The manufacture, sale, and adoption of electric vehicles in Thailand is supported by the Thai government, in order to reduce carbon emissions and air pollution. Prime Minister Prayut Chan-o-cha appointed the National Electric Vehicle Policy Committee in February 2020 to set targets for zero emission vehicle adoption. The government has announced aims for 30% of automobiles produced in 2030 to be electric (30:30 policy), and to become a regional hub for electric vehicle manufacturing.

As of 31 December 2021, there were 11,382 battery-powered electric vehicles (including cars, motorcycles, trucks, buses, and tuk-tuks) registered in Thailand, along with 31,145 plug-in hybrid electric vehicles and 196,582 hybrid electric vehicles. The EV market in Thailand picked up rapidly in 2023, with 44,045 new registrations in the first half of the year alone (not including motorcycles).

== Domestic manufacturing and sales ==

Thailand is a large regional producer of automobiles.
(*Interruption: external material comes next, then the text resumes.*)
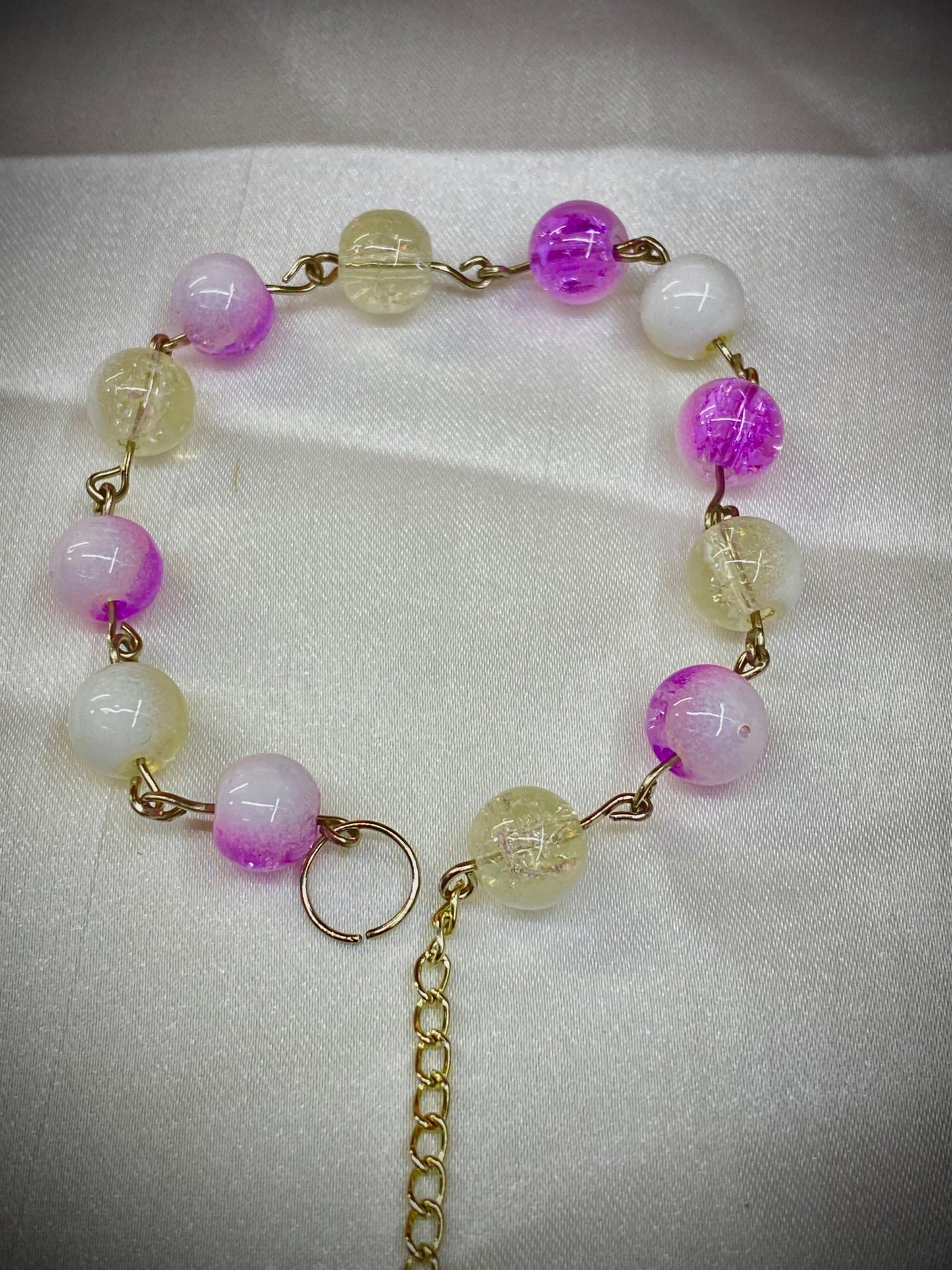 Necklace with pink and clear beads on a white fabric background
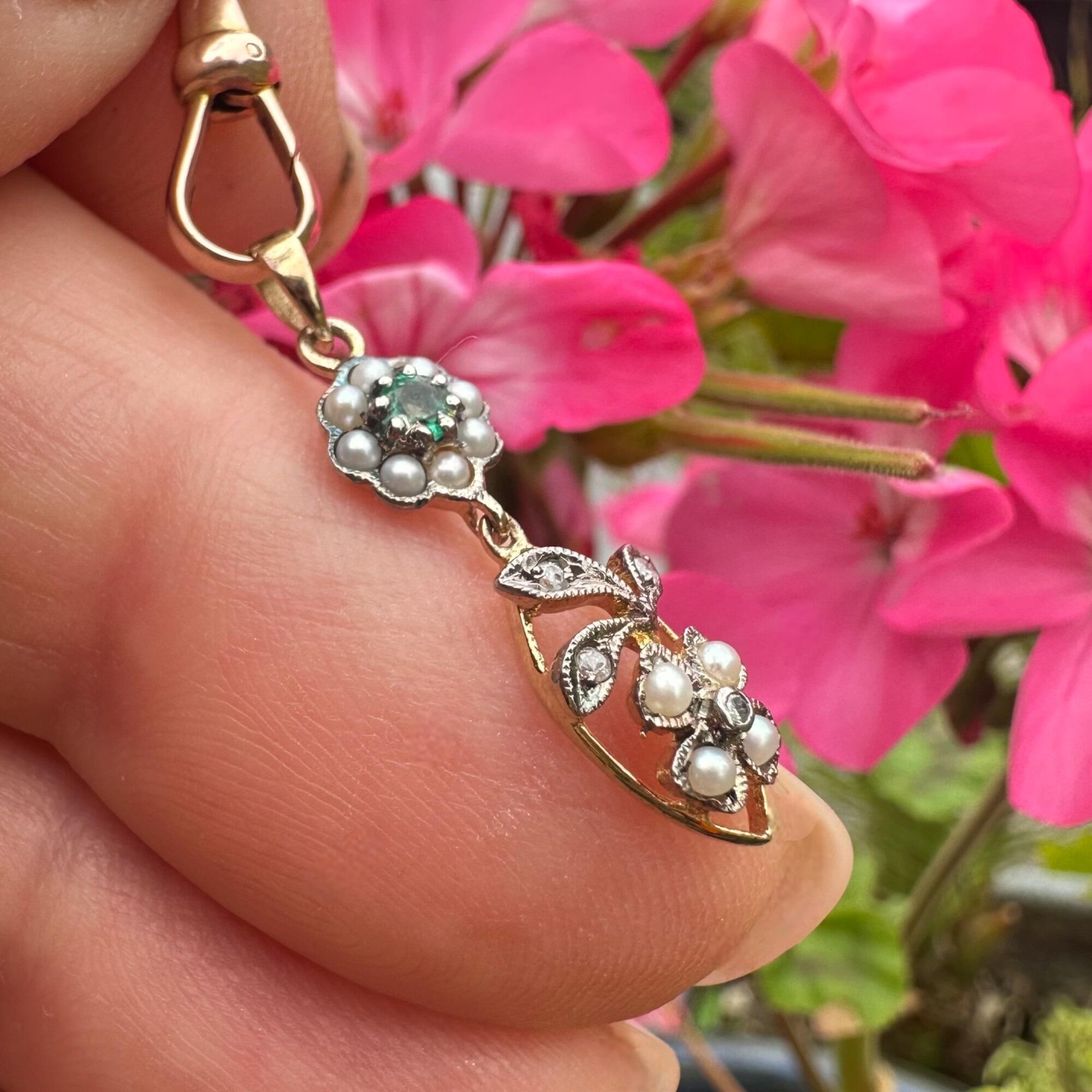 close up, Edwardian Style Emerald, Pearl & Diamond Pendant in Silver & 9k Gold held in hand.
Hybrid electric vehicles (HEVs) were first made available in 2009, the country has begun to build manufacturing capacity for electric vehicles such as passenger cars, trucks, buses, and tuk-tuks. In 2021, 5,781 battery-powered electric vehicles were registered in Thailand. These included 1,955 cars, 3,763 motorcycles, 32 tuk-tuks, 119 buses, and 2 trucks. 7,060 plug-in hybrid electric vehicles and 56,740 hybrid electric vehicles were registered in 2021.

FOMM was the first car manufacturer to produce battery-powered electric vehicles in Thailand in 2018.

In June 2021, Great Wall Motor, a Chinese automobile manufacturer, opened a factory in Rayong. The factory will make plug-in electric vehicles, in addition to hybrid, plug-in hybrid, and gas powered models. PTT and Foxconn signed a contract in September 2021 to produce electric vehicles in Thailand. In December 2021, Energy Absolute opened the largest electric vehicle battery factory by production (1 gigawatt-hour per year) in ASEAN, in Chachoengsao. The factory will supply some the company's buses with batteries.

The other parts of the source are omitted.